Provisions View all 8 stories

Provisions #1: “languages I didn’t know I wanted to know”

Meditations in a crisis on poems by Solmaz Sharif, Mary Karr, and June Jordan.

Illustration: Anya Levy

In “Provisions,” three poetry readers reflect on a poem they’ve been holding close during this difficult time.

An umbrella plant sits on my windowsill. I sing a song as I give her water. She looks away from me, toward the light. What else enters my morning: a pinch of salt, a text from my cousin, stray notes from my neighbor’s record player—tiny, precious things, small counterpoints to the world’s colossal violence and enormous grief. 

In the spirit of the small, here, every other Friday, three people will offer a brief response to a poem they’re holding close—some work that’s nourishing them in a time of need. We don’t know how long this will last. Already, one participant had to pull out; she had begun to feel ill. Even as I write this, my own breath is too short to stretch over a line of my favorite poem. Still, I need poems now to pull me toward my breath, my body, to give form to formless things (love, pain, death), to teach me how to exist with what I don’t understand.

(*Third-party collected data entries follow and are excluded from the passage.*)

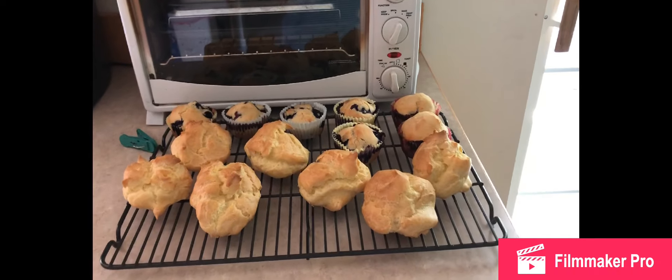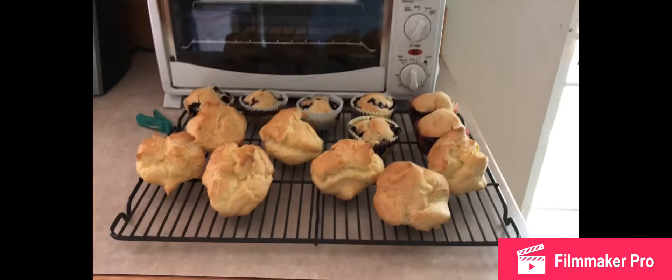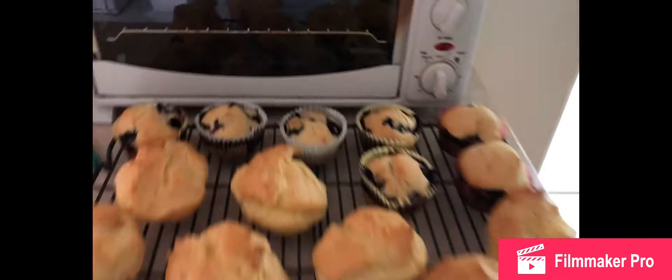Hello everybody and welcome back to this YouTube channel, Cooking with Kelly. What we're going to be doing today is — here you can see our finished muffins and our finished cream puffs, but we're going to make the cream for those cream puffs right now.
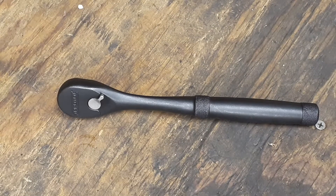Hey everybody, welcome back to the channel. I got another nice little ratchet pickup for you. Today we have another Proto Stanley Proto ratchet here — this is a 3/8 drive.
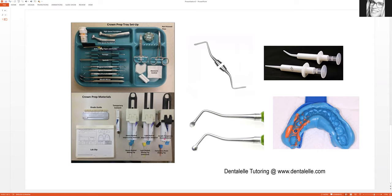I forgot to mention something that happens at the very start of the appointment — you will likely be taking alginate impressions of the top and bottom teeth. This is done so the lab can see how the teeth looked before the crown prep and how the upper and lower teeth fit together. You will also want to take a bite registration of the area where that crown will be.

I’m especially grateful, these days, for how poetry can help us to live alongside absence, not to rush to fill it in. Little word unspooled from meaning, little line break, little plant inside an apartment. My hope is that we can come together in this space. I want to nourish something small, here, where I am. To join with your small here. To see what grows. 

—Claire Schwartz


LATELY, I’ve been holding Solmaz Sharif’s “Civilization Spurns the Leopard” close for its dedication to the gloriously quotidian—chattering sparrows, bare trees, potholes, pools of water. Its rhythms feel almost sinfully languorous, like so many of my evenings now. I rest, read, peel vegetables, oil my hair, spring clean, stretch, process. In this state of slowness, I am more acutely aware of my body. I register each new ache. “To step out of my door and hope to see something like a life,” Sharif writes. London feels lonelier, if that’s even possible. Those who can afford to have fled to country homes; the rest of us plod along to the best of our ability. My mother tells me another person in her social circle has fallen ill. The WhatsApp Auntie Network remains a sinuous web of misinformation and grief. Loved ones conduct birthdays via video call. Our Rasta neighbor punctuates the air with garage throwbacks. Some of the neighbors—now working from home—have begun to complain.

I feel perched on the edge of a historical rupture we are only beginning to understand. This is the easiest part to admit. What’s harder to convey is the nauseating smugness of being proven right in the worst of ways. For those of us carrying histories of catastrophe as diasporic muscle memory, even our anxieties have anxieties. Word to Charlie Brown. Our survival instincts kick in with a predictable urgency. We have always known we would one day have to outrun or acclimate to the apocalyptic. “To lose even the loss.” After all, it has happened before.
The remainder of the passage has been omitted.